We included 15 trials involving 17,674 women. We assessed the quality of the trial evidence for all primary outcomes (i.e. regional analgesia (epidural/spinal), caesarean birth, instrumental vaginal birth (forceps/vacuum), spontaneous vaginal birth, intact perineum, preterm birth (less than 37 weeks) and all fetal loss before and after 24 weeks plus neonatal death using the GRADE methodology: all primary outcomes were graded as of high quality.

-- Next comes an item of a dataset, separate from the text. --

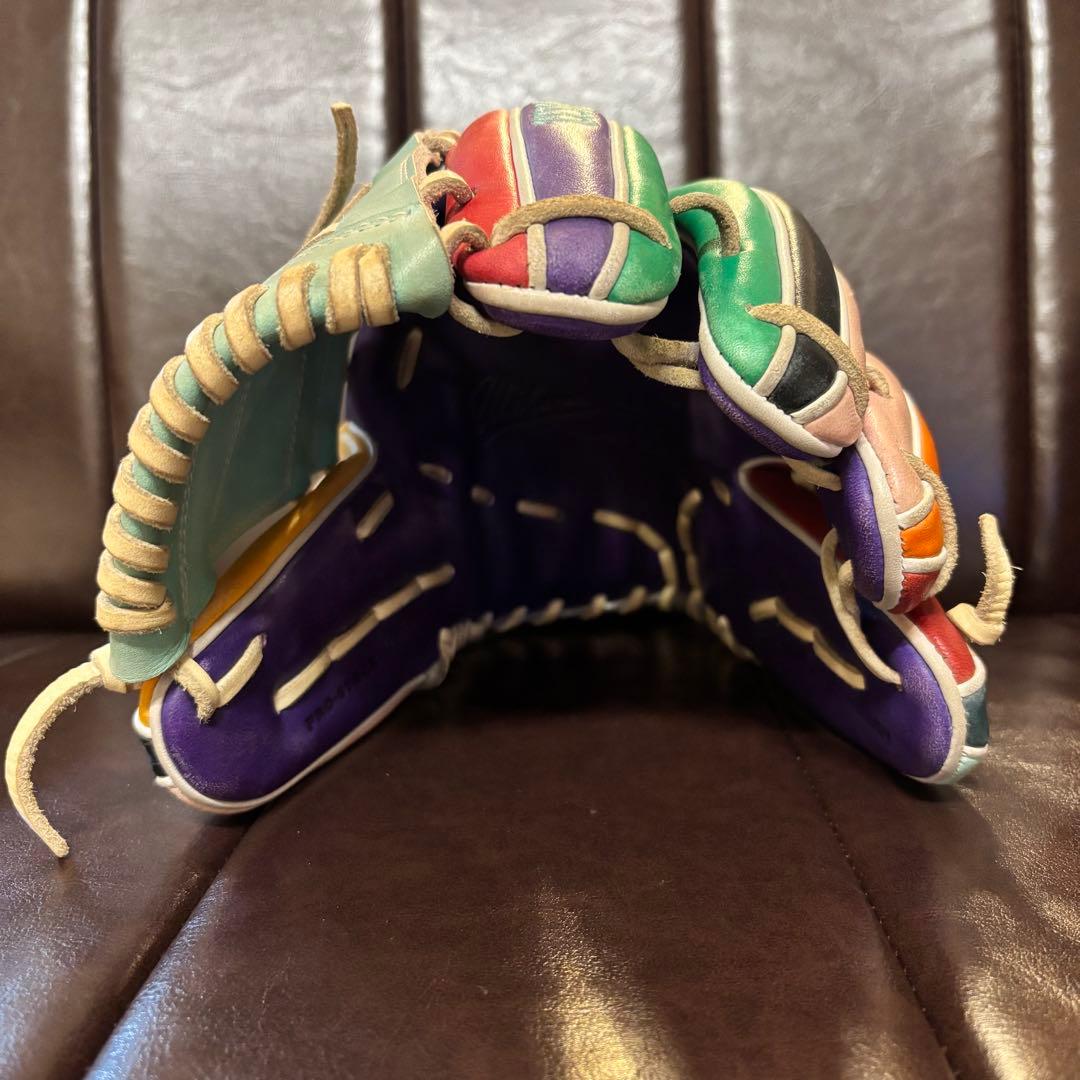 守備率100%を目指せる　ウィルソン　グローブ　オーダー　グラブ　87型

For the primary outcomes, women who had midwife-led continuity models of care were less likely to experience regional analgesia (average risk ratio (RR) 0.85, 95% confidence interval (CI) 0.78 to 0.92; participants = 17,674; studies = 14; high quality), instrumental vaginal birth (average RR 0.90, 95% CI 0.83 to 0.97; participants = 17,501; studies = 13; high quality), preterm birth less than 37 weeks (average RR 0.76, 95% CI 0.64 to 0.91; participants = 13,238; studies = eight; high quality) and less all fetal loss before and after 24 weeks plus neonatal death (average RR 0.84, 95% CI 0.71 to 0.99; participants = 17,561; studies = 13; high quality evidence). Women who had midwife-led continuity models of care were more likely to experience spontaneous vaginal birth (average RR 1.05, 95% CI 1.03 to 1.07; participants = 16,687; studies = 12; high quality). There were no differences between groups for caesarean births or intact perineum.

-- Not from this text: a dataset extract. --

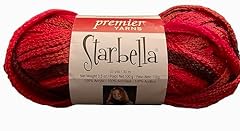 Premier yarns starbella for sale  Delivered anywhere in USA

For the secondary outcomes, women who had midwife-led continuity models of care were less likely to experience amniotomy (average RR 0.80, 95% CI 0.66 to 0.98; participants = 3253; studies = four), episiotomy (average RR 0.84, 95% CI 0.77 to 0.92; participants = 17,674; studies = 14) and fetal loss less than 24 weeks and neonatal death (average RR 0.81, 95% CI 0.67 to 0.98; participants = 15,645; studies = 11). Women who had midwife-led continuity models of care were more likely to experience no intrapartum analgesia/anaesthesia (average RR 1.21, 95% CI 1.06 to 1.37; participants = 10,499; studies = seven), have a longer mean length of labour (hours) (mean difference (MD) 0.50, 95% CI 0.27 to 0.74; participants = 3328; studies = three) and more likely to be attended at birth by a known midwife (average RR 7.04, 95% CI 4.48 to 11.08; participants = 6917; studies = seven). There were no differences between groups for fetal loss equal to/after 24 weeks and neonatal death, induction of labour, antenatal hospitalisation, antepartum haemorrhage, augmentation/artificial oxytocin during labour, opiate analgesia, perineal laceration requiring suturing, postpartum haemorrhage, breastfeeding initiation, low birthweight infant, five-minute Apgar score less than or equal to seven, neonatal convulsions, admission of infant to special care or neonatal intensive care unit(s) or in mean length of neonatal hospital stay (days).

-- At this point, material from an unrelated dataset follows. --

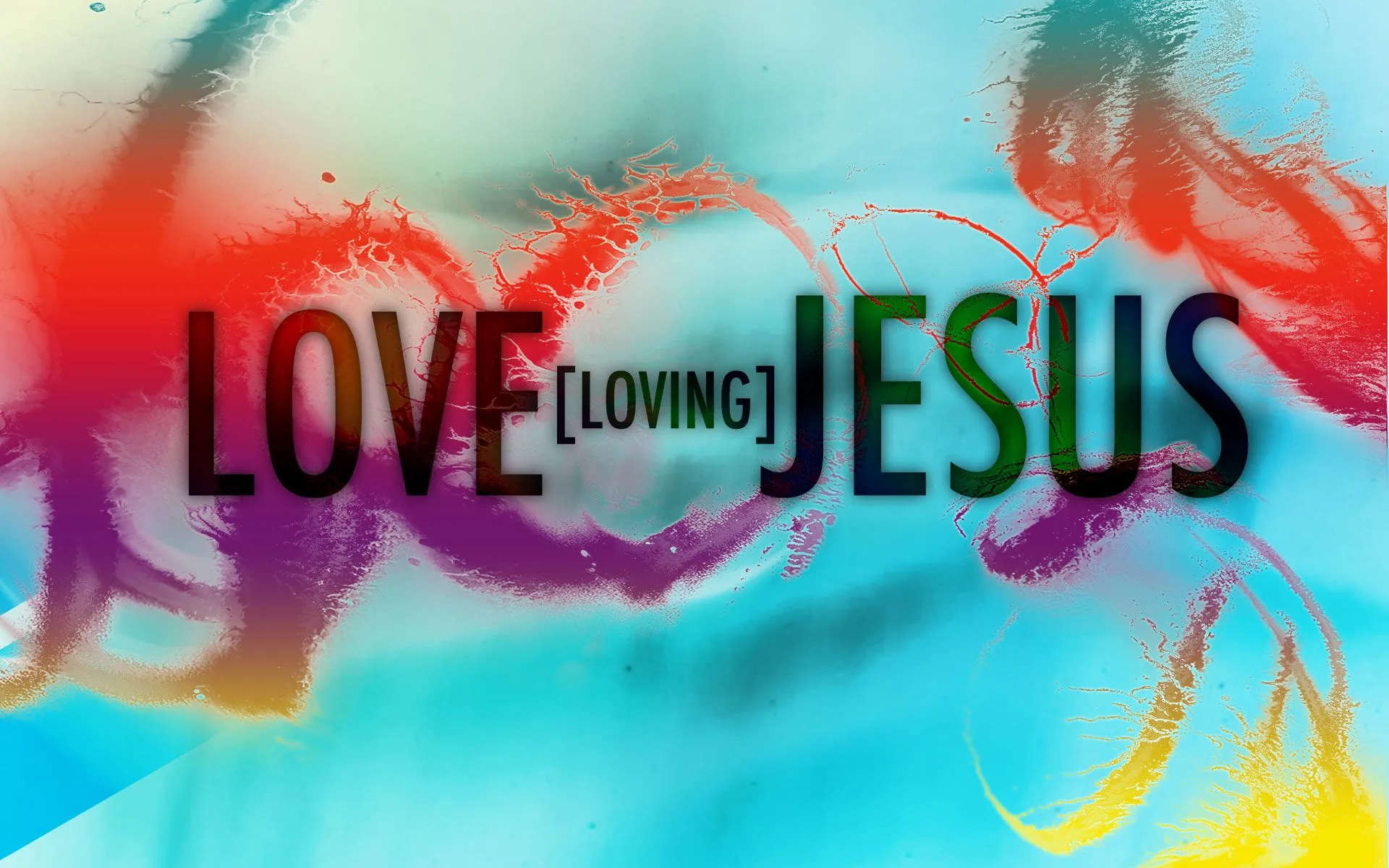 Christ | Love Loving Jesus!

Due to a lack of consistency in measuring women's satisfaction and assessing the cost of various maternity models, these outcomes were reported narratively. The majority of included studies reported a higher rate of maternal satisfaction in midwife-led continuity models of care. Similarly, there was a trend towards a cost-saving effect for midwife-led continuity care compared to other care models.